# Old Ship Mates - Everards from Goole



## jonnyangel (Jan 21, 2014)

Hello, I'm posting this on behalf of my father who from 1965 onwards sailed out of Goole on Everard's, the Georgina V and Frederick T.

My father's name is Trever Harrison. He was also accompanied by his brother, Dave Harrison (for one trip before he returned to work in Goole Docks).

My father was a young man at the time and initislly joined as a galley lad, having first pic of the fresh pasties and chips!!! 

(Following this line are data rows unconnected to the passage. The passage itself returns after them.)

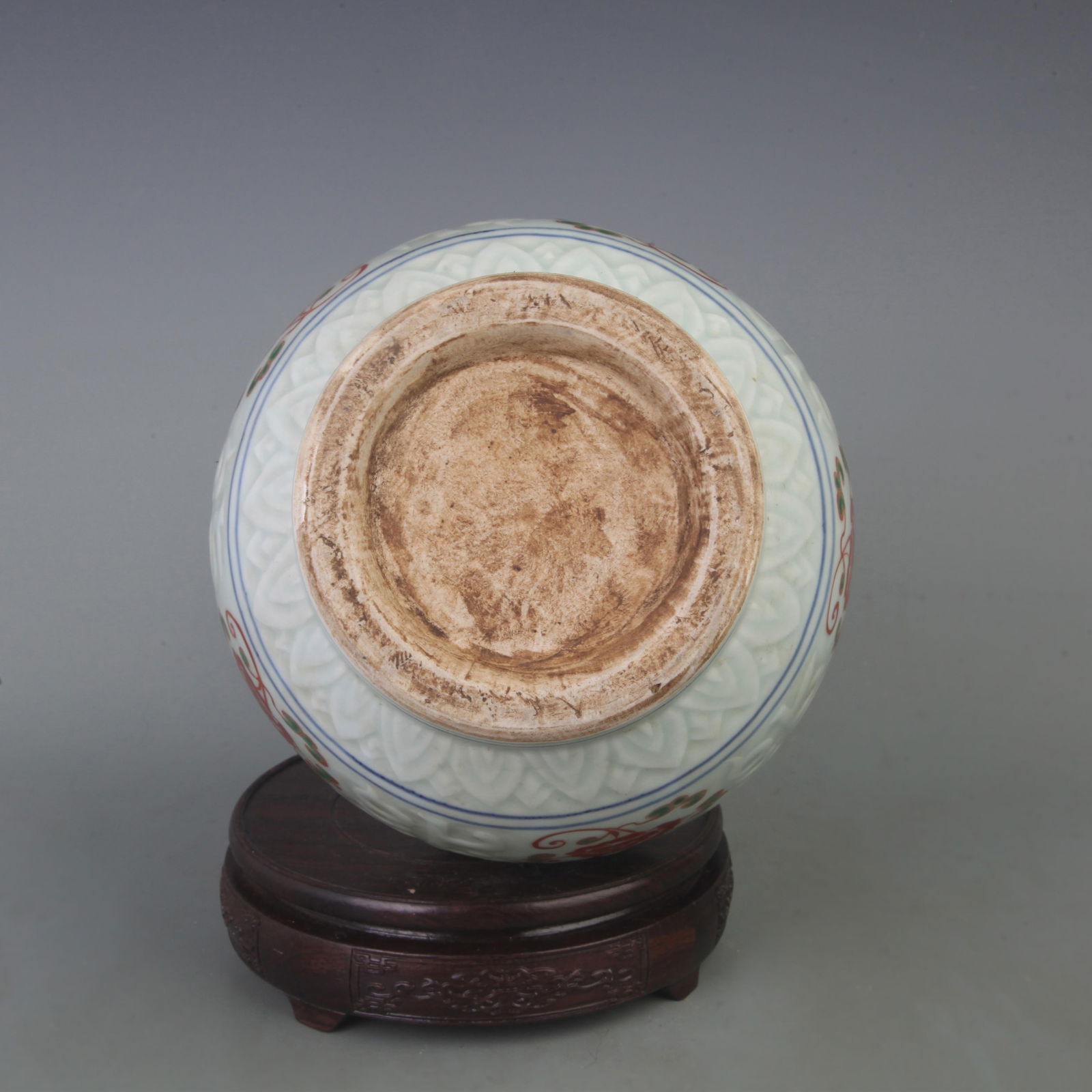 WUCAI FLOWER PATTERN WITH CARVING PATTERN PORCELAIN VASE - 5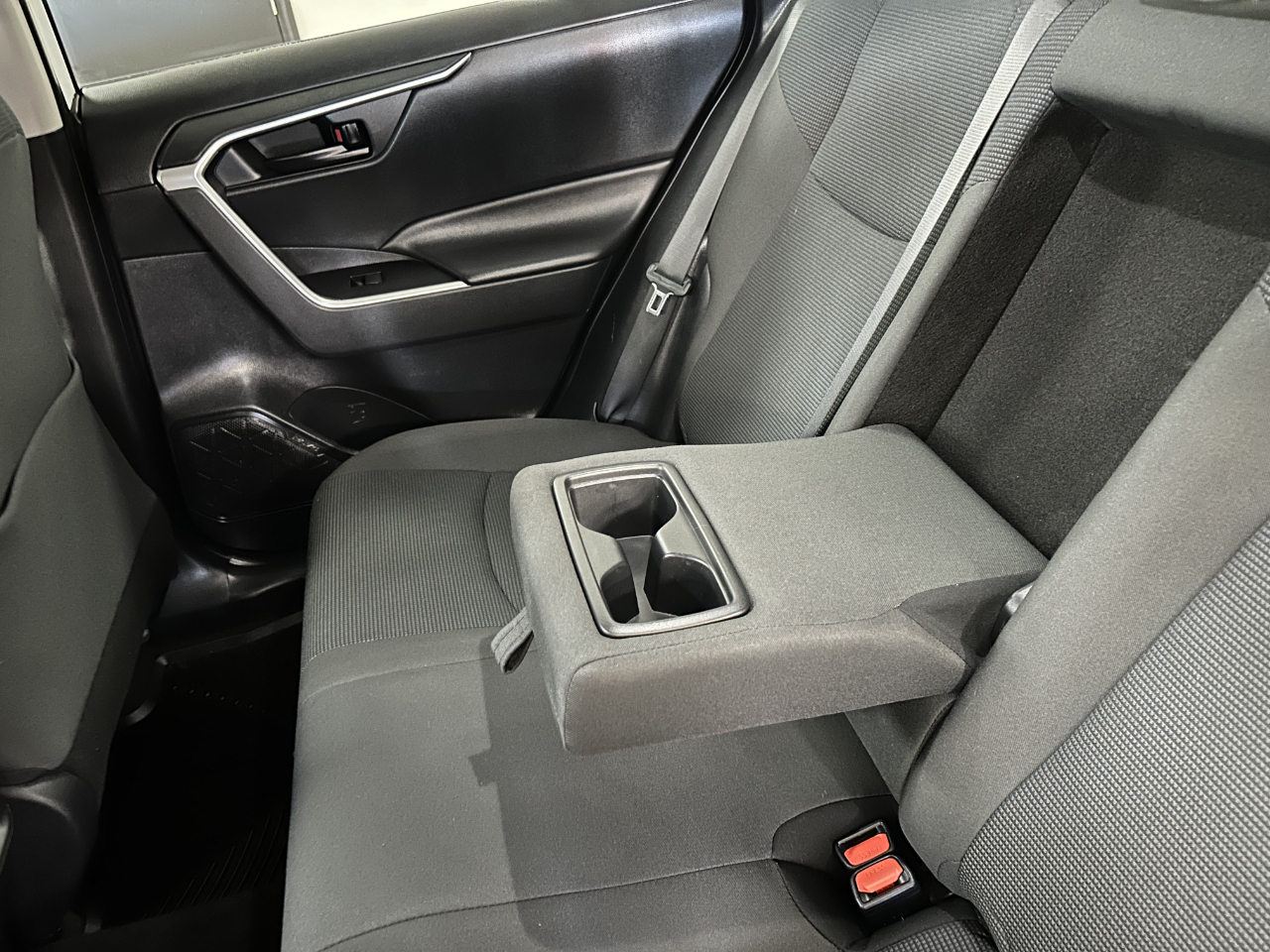 Toyota RAV4 LE FWD (Natl) 2023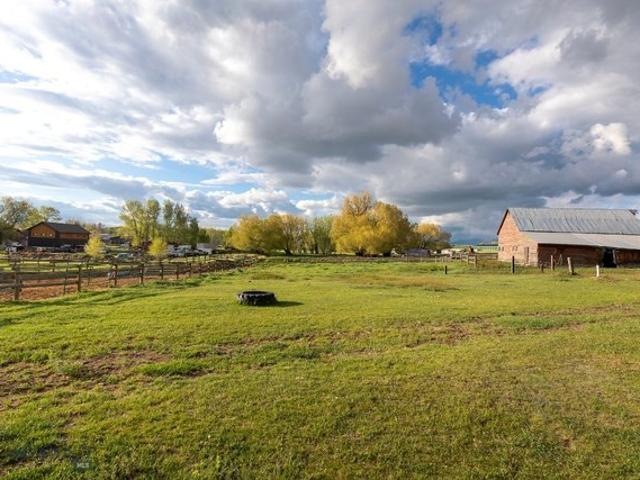 Land for sale in Clyde Park, Park County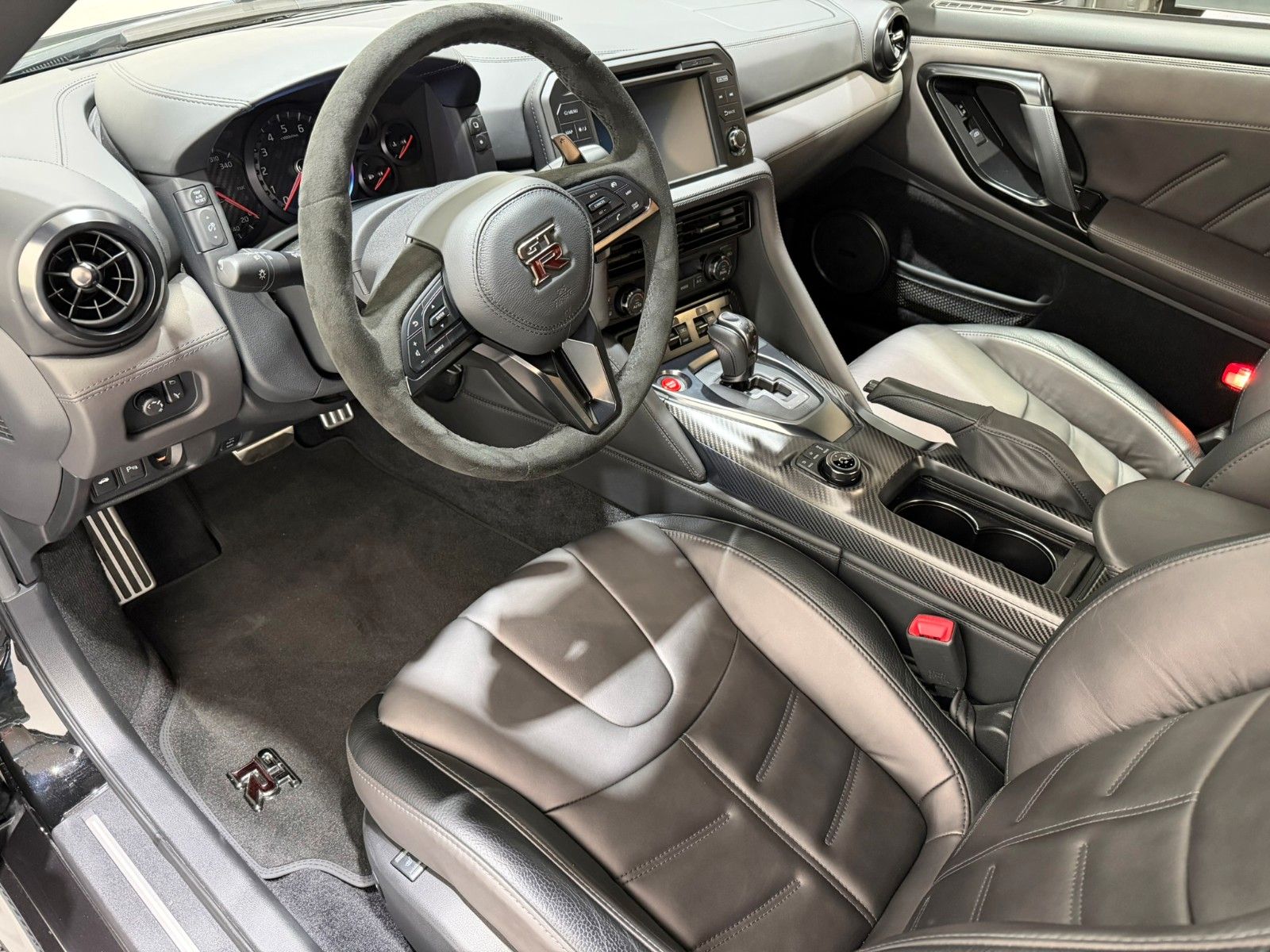 Fahrzeugabbildung Nissan GT-R Prestige Edition / S.heft Nissan Brömmler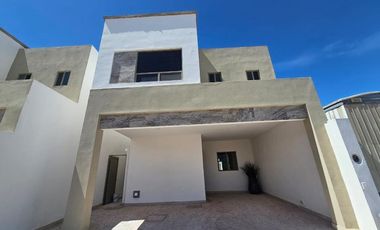 CASA EN VENTA EN FRACC. QUINTAS DEL PALMAR TORREÓN, COAHUILA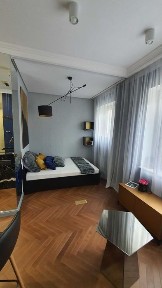 BEZPOŚREDNIO Ekskluzywna Kawalerka/ 200m od Łazienek Królewskich/ Świeżo po remoncie/ Kamienica/ Dostępne od 1 października (wynajem długoterminowy)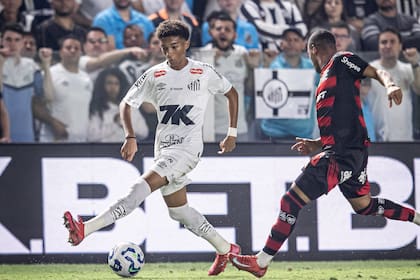 Robinho Jr. debutó en Santos este miércoles 16 de julio de 2025 en la victoria ante Flamengo por 1-0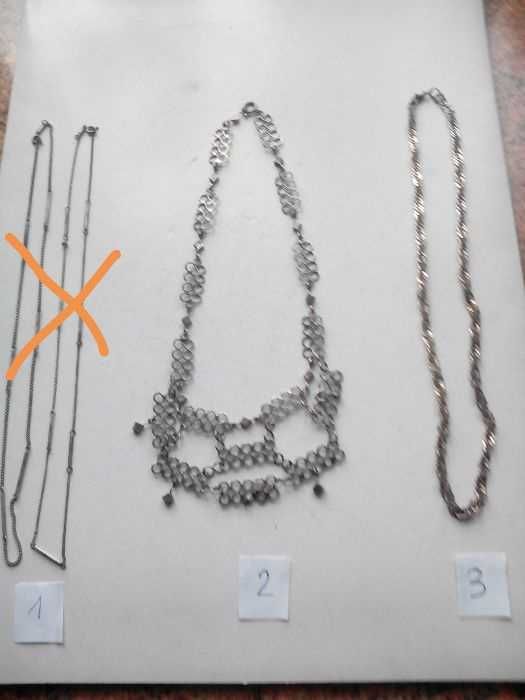 kolekcja srebrnej lub srebrzonej biżuterii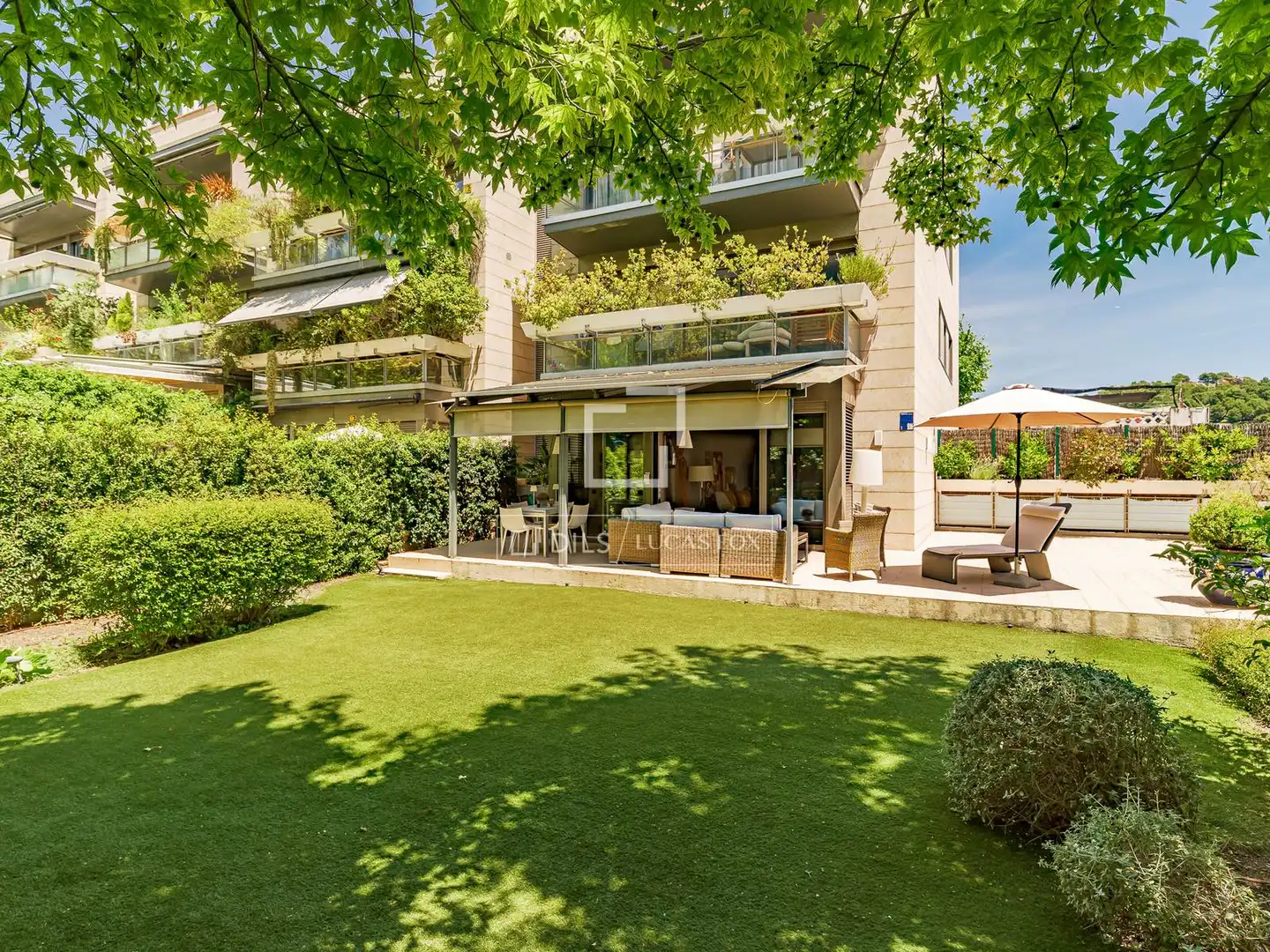 Jardín de Piso en venta en Barcelona con Aire acondicionado, Calefacción y Parquet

Although he has his memories, and a few pics of the ship's, it would be great to chat to anyone with shared memories of the era in my dad's life.


----------



## L888doc (Mar 25, 2014)

Hi jinny angel I sailed on Frederick t everard 1967 sh. I went down to rothesay dock in clydebank looking for ab job but they needed bosun.so there I was bosun at 21 . We carried cement from Thames to clydebank hence the knicname : clinker express:I remember approaching docking at clydebank I was standing by anchor I turned to second mate and said :he is not gonna clear the knuckle : the order came from skipper :drop anchor: I did and it landed on the quay. Do you realize the size and weight of these stones? Divers et al were called to recover plus repairs to our bow. A final bit of history, we were in Southampton and my fiancé was over from Toronto and came down to visit, I proposed to her then and here I am still married 46 years later. Fred t has a lot to answer for!


----------